Having switched my camera over from “long exposure” to “hand held” night settings and lenses, the Northern Blvd. truss bridge carried an official part of the Flushing Bay Promenade which led back to residential Flushing. The next time that I come back here, and I’m planning on it, I’m going to setup the tripod and long exposure kit up here and see what happens. The walkway is shared with a bike path, so I’ll have to take care not to present too big a footprint and ensure that I’m “visible” to oncoming bikes.

You can talk till you’re blue in the face to the bicycle fanatics, but they’ll never acknowledge that bicycles are vehicles. Why they love to infringe vehicle infrastructure onto pedestrian area pavement is beyond me. They also insist that they shouldn’t “have” to wear bike helmets.

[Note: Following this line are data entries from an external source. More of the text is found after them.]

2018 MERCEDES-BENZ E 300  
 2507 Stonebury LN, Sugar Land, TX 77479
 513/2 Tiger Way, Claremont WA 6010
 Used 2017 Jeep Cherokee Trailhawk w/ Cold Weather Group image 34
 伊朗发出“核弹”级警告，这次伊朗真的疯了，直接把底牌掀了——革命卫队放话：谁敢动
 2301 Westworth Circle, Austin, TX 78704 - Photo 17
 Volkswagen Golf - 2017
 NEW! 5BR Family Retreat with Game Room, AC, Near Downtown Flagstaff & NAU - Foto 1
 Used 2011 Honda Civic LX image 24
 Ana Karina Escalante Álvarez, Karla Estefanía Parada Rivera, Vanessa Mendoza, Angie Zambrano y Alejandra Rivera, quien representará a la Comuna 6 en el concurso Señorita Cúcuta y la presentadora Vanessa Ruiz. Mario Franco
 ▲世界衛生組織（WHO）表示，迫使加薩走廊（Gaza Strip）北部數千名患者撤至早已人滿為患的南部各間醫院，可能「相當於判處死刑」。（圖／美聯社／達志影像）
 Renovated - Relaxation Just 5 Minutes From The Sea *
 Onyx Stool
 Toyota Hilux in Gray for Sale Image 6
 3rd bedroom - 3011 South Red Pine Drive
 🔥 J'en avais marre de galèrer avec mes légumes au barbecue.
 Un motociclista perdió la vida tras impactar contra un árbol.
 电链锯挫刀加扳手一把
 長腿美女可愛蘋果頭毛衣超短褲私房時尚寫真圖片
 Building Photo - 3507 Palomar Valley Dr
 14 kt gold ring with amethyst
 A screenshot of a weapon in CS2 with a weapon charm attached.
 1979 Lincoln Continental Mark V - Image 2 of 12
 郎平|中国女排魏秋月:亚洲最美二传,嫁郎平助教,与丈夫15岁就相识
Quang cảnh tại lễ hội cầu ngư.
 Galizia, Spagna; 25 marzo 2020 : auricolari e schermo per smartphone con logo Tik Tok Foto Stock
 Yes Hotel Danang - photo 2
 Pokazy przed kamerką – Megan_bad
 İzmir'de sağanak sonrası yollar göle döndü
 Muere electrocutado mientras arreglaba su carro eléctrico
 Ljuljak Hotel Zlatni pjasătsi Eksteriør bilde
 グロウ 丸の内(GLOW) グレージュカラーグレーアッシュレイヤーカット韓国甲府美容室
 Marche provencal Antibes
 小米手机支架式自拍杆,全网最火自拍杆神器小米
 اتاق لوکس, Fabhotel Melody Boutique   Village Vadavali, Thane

I insist that you shouldn’t have to wear shoes, but you’re walking around NYC, so it’s probably a good idea. Doesn’t matter, they’re not from here, and will move away when the decade long real estate bubble bursts to start trouble somewhere else.

– photo by Mitch Waxman

The shots in today’s post are high ISO and wide aperture ones, which report something fairly close to what the scene looked like to the naked eye. Dark, essentially. This jibes with what I’m always told by people who spend their time – or grew up – in this section of Queens around Flushing Creek. It’s hidden, largely inaccessible and locked away behind chain link fences, something that is experienced from a distance. Sounds a lot like my beloved Newtown Creek, huh?

This section around Northern Blvd. actually reminded me a lot of Industrial Maspeth, or Dutch Kills in LIC.

– photo by Mitch Waxman

Next week, I’m hoping to take you to some places more familiar, as my post polar vortex schedule (this post is being written on Tuesday night, just before midnight… Hello world of the future!) offers many diversions in Astoria and Long Island City. I’m also meaning to head into the City for a short spell and take some pictures of a thing.

You never can tell where I’m going next, I sure can’t.